Building the REST API
Let’s wire it all together in a REST resource.
package org.acme;
import jakarta.inject.Inject;
import jakarta.transaction.Transactional;
import jakarta.ws.rs.*;
import jakarta.ws.rs.core.MediaType;
import jakarta.ws.rs.core.Response;
import org.acme.domain.Post;
import org.acme.dto.*;
import org.acme.mapper.PostMapper; // Using MapStruct
// import org.acme.mapper.ManualPostMapper; // Or using manual mapper
import java.util.List;
@Path("/posts")
@Produces(MediaType.APPLICATION_JSON)
@Consumes(MediaType.APPLICATION_JSON)
public class PostResource {
@Inject
PostMapper mapper;
@POST
@Transactional
public Response create(CreatePostDto dto) {
Post post = mapper.toEntity(dto);
post.persist();
return Response.status(Response.Status.CREATED).entity(mapper.toDto(post)).build();
}
@GET
public List<PostDto> list() {
return mapper.toDtoList(Post.listAll());
}
@GET
@Path("/{id}")
public Response get(@PathParam("id") Long id) {
Post post = Post.findById(id);
if (post == null) return Response.status(Response.Status.NOT_FOUND).build();
return Response.ok(mapper.toDto(post)).build();
}
@PUT
@Path("/{id}")
@Transactional
public Response update(@PathParam("id") Long id, UpdatePostDto dto) {
Post post = Post.findById(id);
if (post == null) return Response.status(Response.Status.NOT_FOUND).build();
mapper.updateEntityFromDto(dto, post);
return Response.ok(mapper.toDto(post)).build();
}
@DELETE
@Path("/{id}")
@Transactional
public Response delete(@PathParam("id") Long id) {
Post post = Post.findById(id);
if (post == null) return Response.status(Response.Status.NOT_FOUND).build();
post.delete();
return Response.noContent().build();
}
}
Testing It Out
Start Quarkus:
./mvnw quarkus:dev
Open your browser to http://localhost:8080/q/swagger-ui and start testing your endpoints.

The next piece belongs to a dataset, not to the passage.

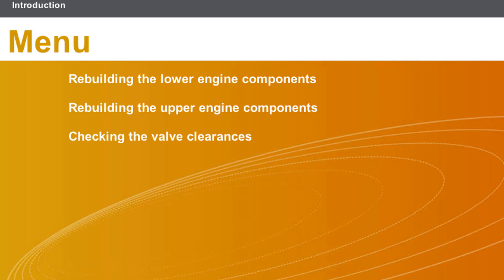This lesson will cover the following topics: checking the valve clearances.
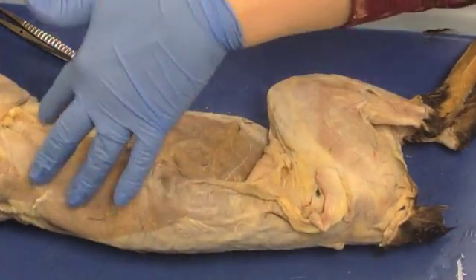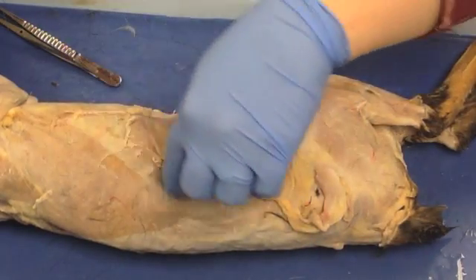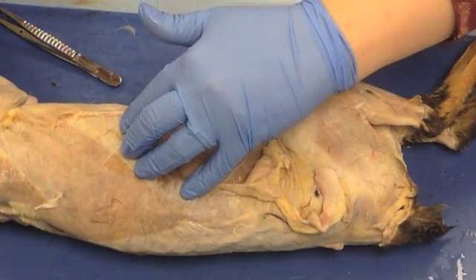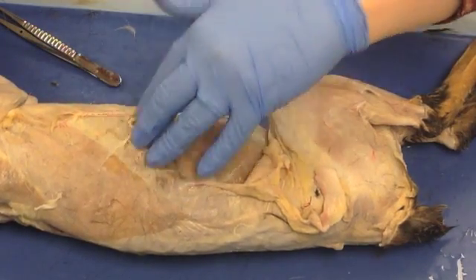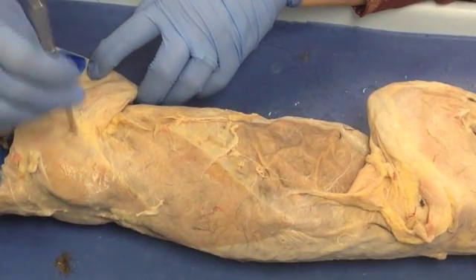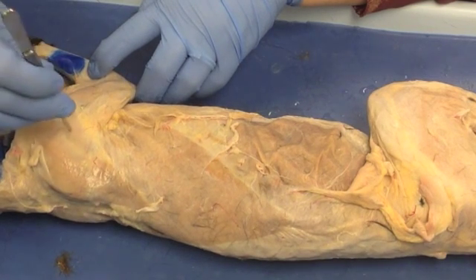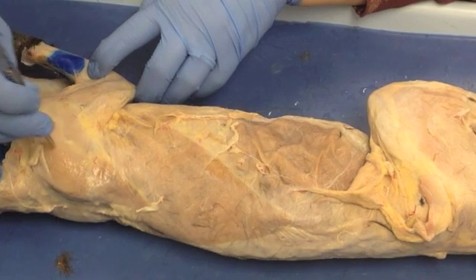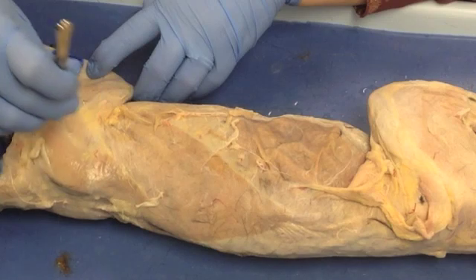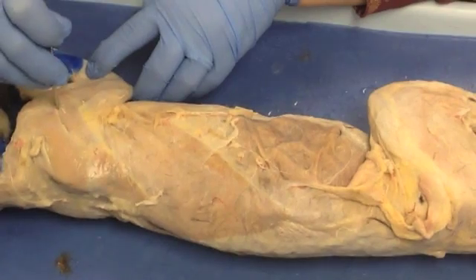The same is true for latissimus dorsi — you've got a free edge that's simply bound down by some connective tissue, so it's better to start at the top and work your way down. Here we have one of the deltoid muscles, and in that case it's better to start at the middle, lift away some of the connective tissue, then find the edge and remove the material from the edges.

Wrap-Up and Where to Go Next
You’ve just implemented a clean DTO architecture in Quarkus. You:
Created a JPA entity using Panache.
Built DTOs for different use cases.
Wrote both manual and MapStruct-based mappers.
Developed a REST API that uses DTOs exclusively.
Validated inputs and provided structured responses.
This design sets the foundation for real-world APIs that scale, evolve, and behave well under native compilation constraints.
I also have added some tests to the repository with the working source code in case you want to have a look.
Next steps?
Try adding pagination.
Explore partial updates via PATCH.
Add a service layer for business logic separation.
Use custom exception mappers for structured error responses (see: RFC 7807).